Ranucci è la vittima dell'attentato dinamitardo subito il 16 ottobre 2025: che il mandante sia l'amico di lunga data Valter Lavitola, non rappresenta da sé una prova di complicità.
Bisognerebbe chiedersi semmai quali poteri ci siano dietro le azioni e le dichiarazioni di Lavitola.
Sigfrido non è nuovo alle intimidazioni: il pregiudicato Pennino rivelava l'intenzione di assassinare Ranucci già nel 2010, con minacce che si sono susseguite nel tempo.
Nonostante ciò, l'imbarazzante Presidente della Commissione Antimafia Chiara Colosimo (la stessa che ha querelato un giovane attivista di Our Voice) dichiara con massima leggerezza e indagini ancora in corso che a Ranucci non serva tutta questa scorta, tradendo ancora una volta l'imparzialità del suo ruolo.
La destra di governo, con l'assist di Azione alla Giunta per le Autorizzazioni, sta utilizzando un caso giudiziario su un giornalista sotto scorta a fini propagandistici, e per farci dimenticare il caso Delmastro.

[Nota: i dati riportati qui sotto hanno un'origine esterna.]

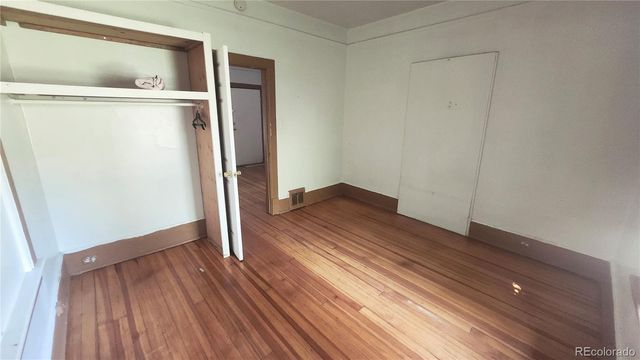 765 Emerald Lane, Lakewood, CO 80214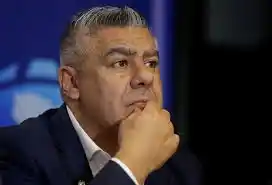 Temporada finalizada y descensos suspendidos 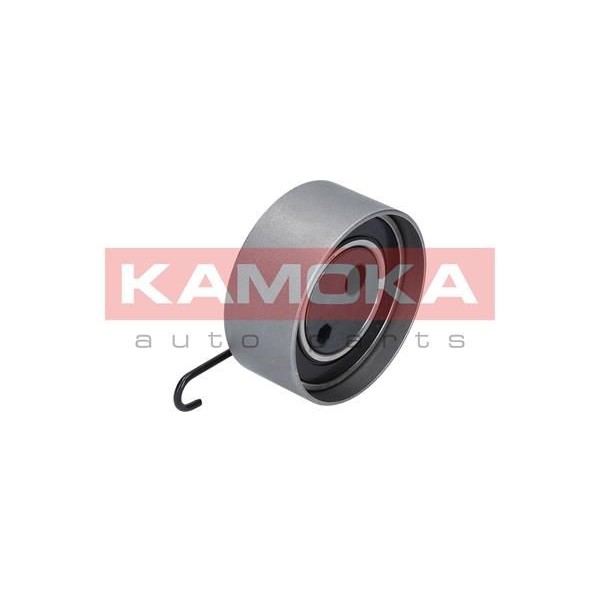 Снимка на Обтяжна ролка ангренажен ремък KAMOKA R0097 за Opel Astra J Sports Tourer 1.7 CDTI (35) - 110 коня дизел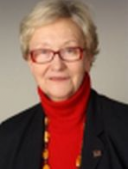 Christel Rech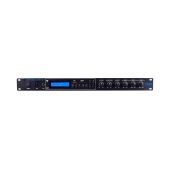 NewHank Control USB BT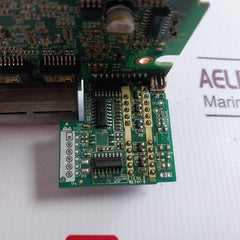 S62Ns2R8Iu1 Pcb Printed Circuit Board Ver.A00 1451 Ttemlb E85416 94V-0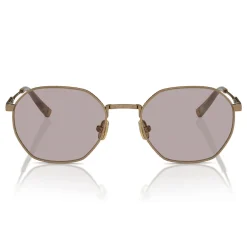Clearance Irregular Sunglasses BC2003ST Women Sunglasses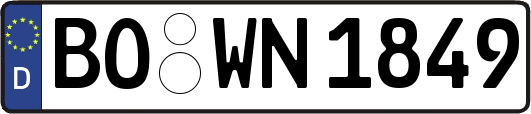 BO-WN1849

La magistratura farà il suo corso nelle indagini su Lavitola, ma non potrà procedere sui possibili legami tra il clan Senese e l'ex sottosegretario della Giustizia Andrea Delmastro: la Camera non ha infatti autorizzato la visione delle chat.
Siamo governati da un regime di idiocrazia strutturale, in Italia come in molti Paesi cosiddetti occidentali.
Dobbiamo recuperare la capacità di indignarci, mentre la finestra di Overton (di ciò che è tollerabile) si sposta quotidianamente verso l'abisso: dalla retorica di Vannacci all'accettazione passiva del genocidio in Palestina, dalla condotta criminale di Trump alla prepotenza del nostro esecutivo.
Dinanzi a queste aberrazioni, prevale la tipica scusa da individualismo liberale: ognuno è libero di dire e fare ciò che vuole, io mi limito a dire che non sono d'accordo (se mi va e se mi conviene).
Una resa mascherata da finto spirito democratico.
Recuperiamo la capacità di indignarci.
Solidarietà e sostegno a Sigfrido Ranucci!